■ WHAT IS EXPECTED:
When you write out the listing, keep each word exactly as it stands but include none of its images.

/---

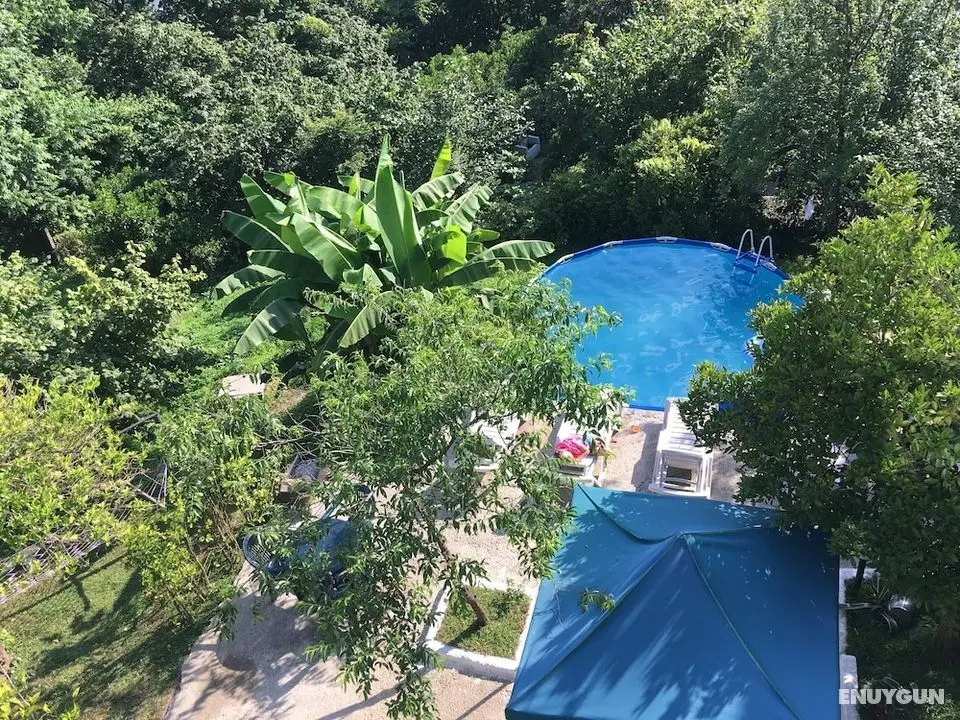 Green Cape Guest House - Öne Çıkan Resim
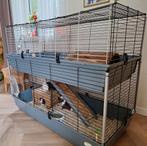 Caviahok en toebehoren, Dieren en Toebehoren, Knaagdieren en Konijnen | Hokken en Kooien, Minder dan 60 cm, Kooi, 110 cm of meer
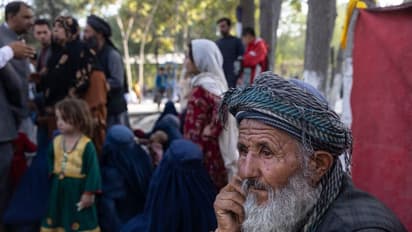 একমাত্র নরেন্দ্র মোদীই পারেন আফগানিস্তানকে বাঁচাতে, দৃঢ় বিশ্বাস কলকাতার কাবুলিওয়ালাদের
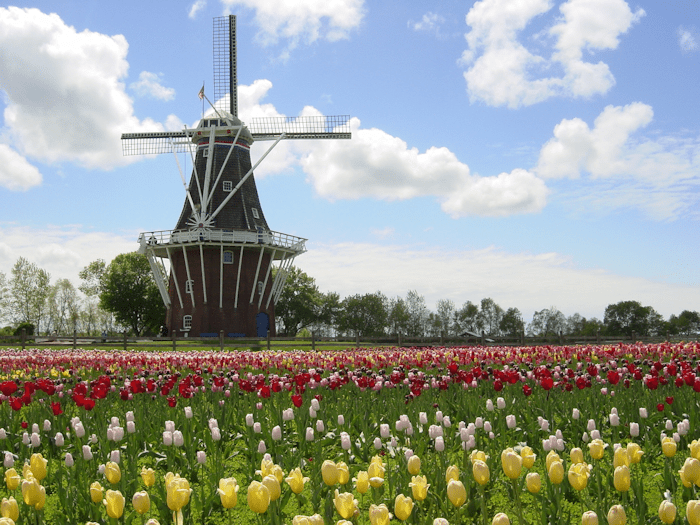 Holland Tulip Time Festival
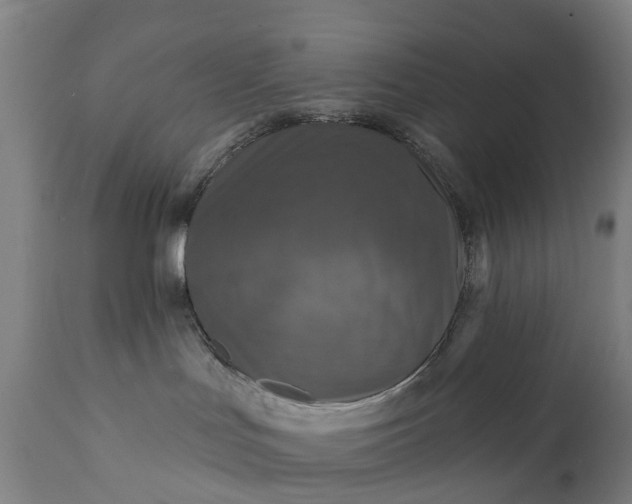 X0000111640047200907311303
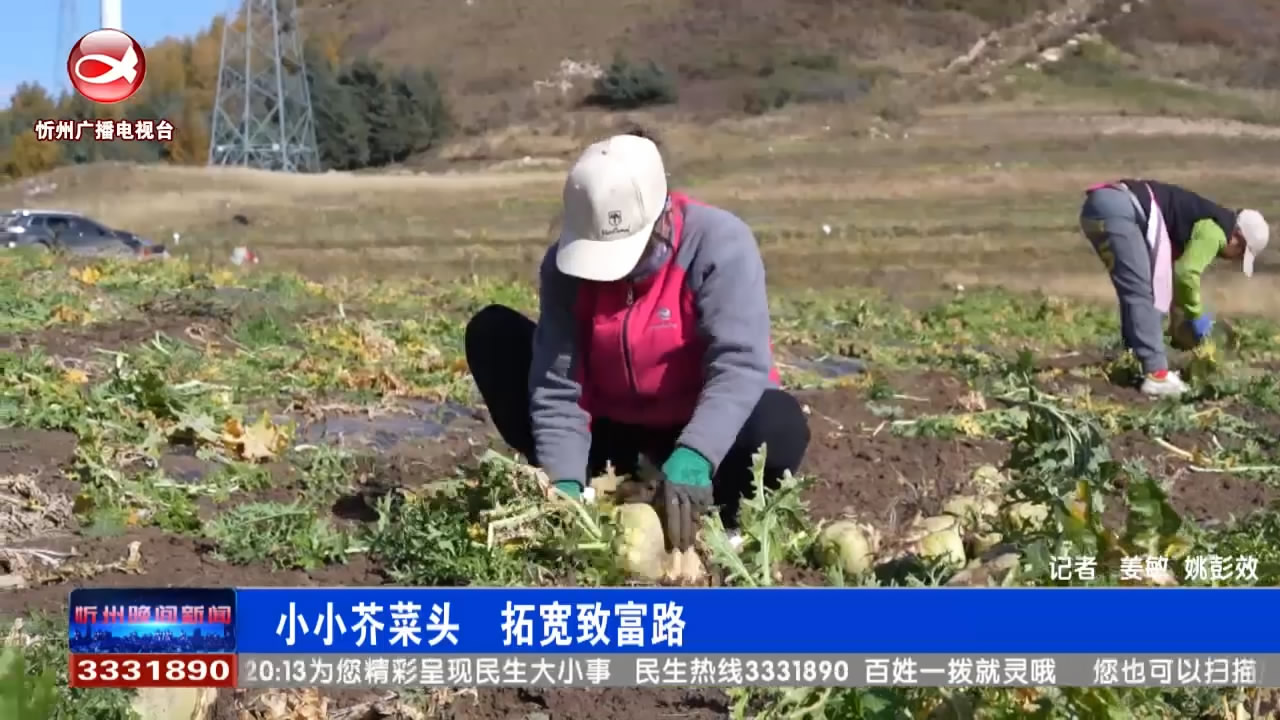 小小芥菜头 拓宽致富路​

\---

■ RESULT FOR THIS TASK:
 Green Cape Guest House - Öne Çıkan Resim
 Caviahok en toebehoren, Dieren en Toebehoren, Knaagdieren en Konijnen | Hokken en Kooien, Minder dan 60 cm, Kooi, 110 cm of meer
 একমাত্র নরেন্দ্র মোদীই পারেন আফগানিস্তানকে বাঁচাতে, দৃঢ় বিশ্বাস কলকাতার কাবুলিওয়ালাদের
 Holland Tulip Time Festival
 X0000111640047200907311303
 小小芥菜头 拓宽致富路​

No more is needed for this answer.